Ce 15 décembre 2015, un groupe de cinquante étudiants en troisième année de littérature de l’université de Médéa est venu accompagné de professeurs et du doyen de cette section pour une journée sur le thème de la tolérance. Le professeur titulaire avait choisi des textes des homélies de Père Christian de Chergé et des hadiths qui convergeaient tous pour plus de fraternité, de reconnaissance de la différence, de l’enrichissement mutuel entre croyants, Voilà l’avenir de Tibhirine !
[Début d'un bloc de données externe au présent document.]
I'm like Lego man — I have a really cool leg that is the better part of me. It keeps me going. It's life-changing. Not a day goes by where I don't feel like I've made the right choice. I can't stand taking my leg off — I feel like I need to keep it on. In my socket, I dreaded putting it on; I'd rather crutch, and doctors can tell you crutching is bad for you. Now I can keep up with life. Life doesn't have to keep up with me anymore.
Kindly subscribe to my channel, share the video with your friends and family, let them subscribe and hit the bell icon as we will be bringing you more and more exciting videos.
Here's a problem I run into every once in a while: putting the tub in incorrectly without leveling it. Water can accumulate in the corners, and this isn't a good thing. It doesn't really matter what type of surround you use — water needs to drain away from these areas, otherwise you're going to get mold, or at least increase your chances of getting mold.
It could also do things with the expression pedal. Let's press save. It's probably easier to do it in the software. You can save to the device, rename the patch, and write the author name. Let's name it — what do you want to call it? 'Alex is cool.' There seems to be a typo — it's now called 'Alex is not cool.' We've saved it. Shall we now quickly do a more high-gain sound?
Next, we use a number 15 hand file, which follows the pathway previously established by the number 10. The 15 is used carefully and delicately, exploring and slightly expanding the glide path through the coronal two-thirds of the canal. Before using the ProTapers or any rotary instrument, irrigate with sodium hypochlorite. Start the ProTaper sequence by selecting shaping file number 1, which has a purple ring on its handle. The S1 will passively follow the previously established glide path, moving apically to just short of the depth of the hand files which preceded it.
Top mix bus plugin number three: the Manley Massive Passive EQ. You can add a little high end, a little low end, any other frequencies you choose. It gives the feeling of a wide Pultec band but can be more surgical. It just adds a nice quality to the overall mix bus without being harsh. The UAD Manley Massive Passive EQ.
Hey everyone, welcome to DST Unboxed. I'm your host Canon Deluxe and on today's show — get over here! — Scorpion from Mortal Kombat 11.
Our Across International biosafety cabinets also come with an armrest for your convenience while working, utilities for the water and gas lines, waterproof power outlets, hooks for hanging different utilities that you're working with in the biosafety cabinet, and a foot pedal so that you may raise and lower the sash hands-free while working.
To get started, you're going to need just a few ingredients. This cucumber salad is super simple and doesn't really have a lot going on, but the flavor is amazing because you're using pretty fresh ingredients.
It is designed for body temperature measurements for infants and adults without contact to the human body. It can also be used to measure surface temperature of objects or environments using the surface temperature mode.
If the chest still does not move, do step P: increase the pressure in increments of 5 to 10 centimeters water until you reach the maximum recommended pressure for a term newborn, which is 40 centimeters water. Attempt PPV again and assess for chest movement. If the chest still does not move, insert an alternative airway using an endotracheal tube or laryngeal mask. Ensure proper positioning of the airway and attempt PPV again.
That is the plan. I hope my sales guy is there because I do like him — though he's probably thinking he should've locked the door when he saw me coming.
Le P. Jean-Marie Lassausse écrit « Je crois à ce carrefour du dialogue que nous voudrions continuer de bâtir ici, en cette terre de foi. Les occasions sont nombreuses. A la suite des moines, la minorité chrétienne a non seulement sa place dans la « maison de l’Islam », mais cette place est irremplaçable, indispensable et impérative pour que les croyants se reconnaissent. Osons vivre ensemble pour chasser la peur de la différence et construire des passerelles de fraternité, enracinées sur une terre d’accueil comme l’Algérie. »

Ces 15 et 16 avril, la lumière de Tibhirine a éclairé de façon encore plus intense les montagnes de l’Atlas pour porter un message de tolérance et de fraternité. La mémoire de la vie donnée des frères a été partagée par leurs familles, par nos voisins, par des représentants de l’ordre cistercien, par la communauté chrétienne d’Algérie, par la présence du cheik Bentounes  au cours de deux journées de fraternelles amitiés le tout rehaussé par l’amicale visite des autorités locales.

Tibhirine appartient à l’Eglise universelle et à l’humanité entière.

Frédéric de Thysebaert, permanent du monastère.